DATA SHOWN:
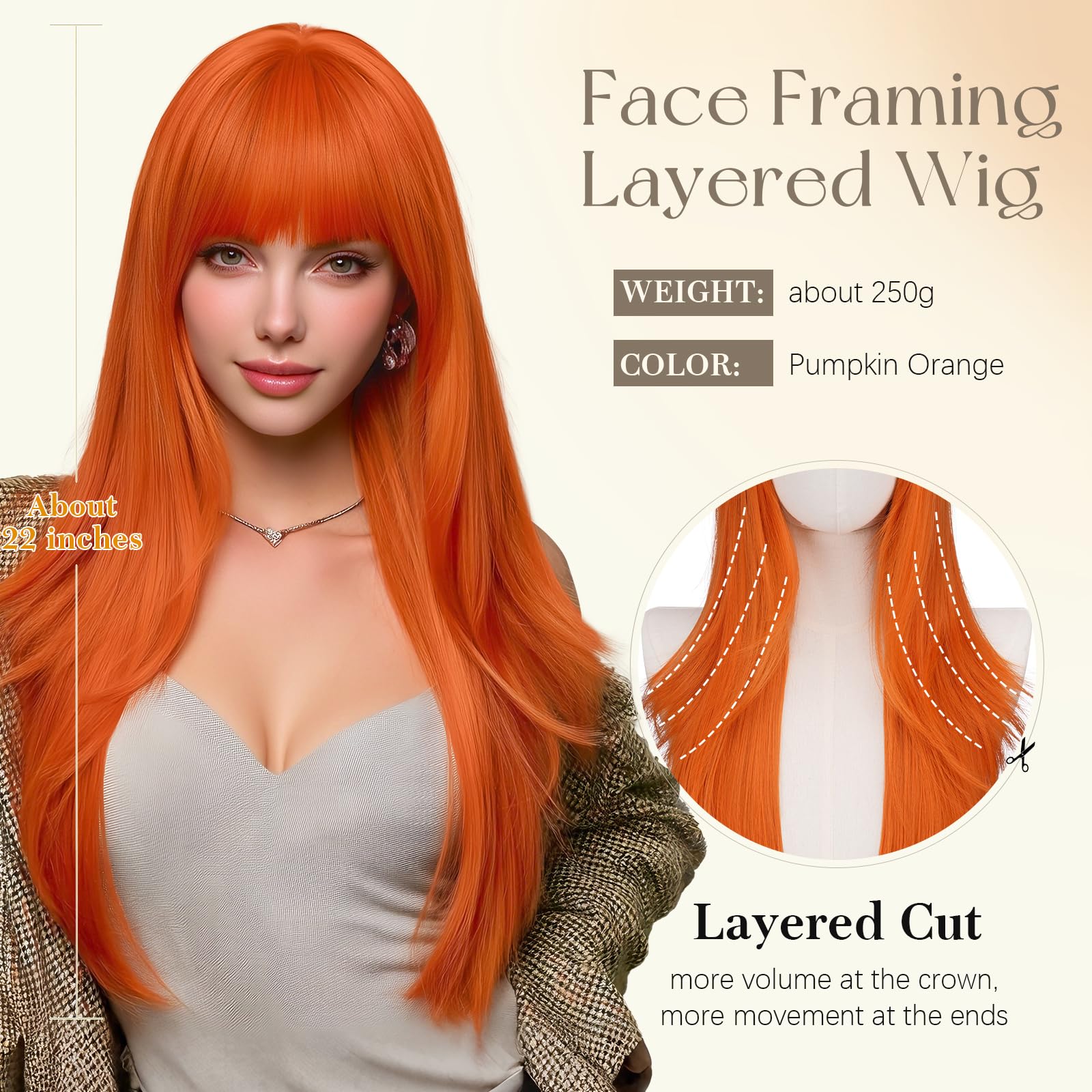 Sofeiyan Peluca Recta Largo de 65 cm,Peluca Sintética Naranja Calabaza en Capas,Peluca para Mujer Preestilizada,Adecuada Para Citas Vacaciones Fiestas Cosplay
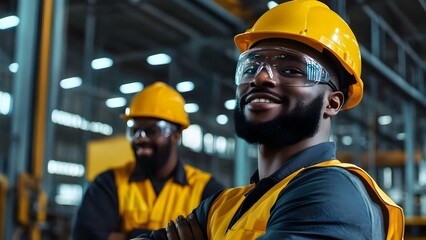 Two workers wearing safety helmets and goggles, smiling, in an industrial setting with machinery in the background. Concept Industrial Safety, Teamwork in Manufacturing, Smiling Workers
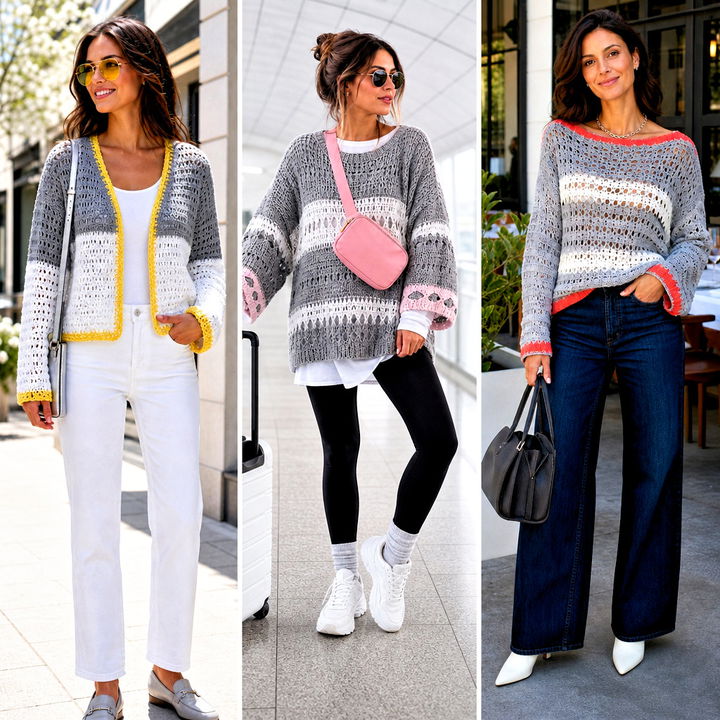 15 Gray and White Crochet Sweater Outfit Ideas for Winter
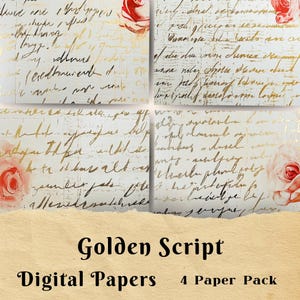 Escritura en tinta dorada, papel de diario basura con caligrafía artística, carta escrita a mano, papel para álbumes de recortes, papelería con guión, papel de fondo para bodas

EXERCISE OBJECTIVE:
Set down the material again exactly. Don't carry over any pictures.

OUTPUT OF THE TASK:
 Sofeiyan Peluca Recta Largo de 65 cm,Peluca Sintética Naranja Calabaza en Capas,Peluca para Mujer Preestilizada,Adecuada Para Citas Vacaciones Fiestas Cosplay
 Two workers wearing safety helmets and goggles, smiling, in an industrial setting with machinery in the background. Concept Industrial Safety, Teamwork in Manufacturing, Smiling Workers
 15 Gray and White Crochet Sweater Outfit Ideas for Winter
 Escritura en tinta dorada, papel de diario basura con caligrafía artística, carta escrita a mano, papel para álbumes de recortes, papelería con guión, papel de fondo para bodas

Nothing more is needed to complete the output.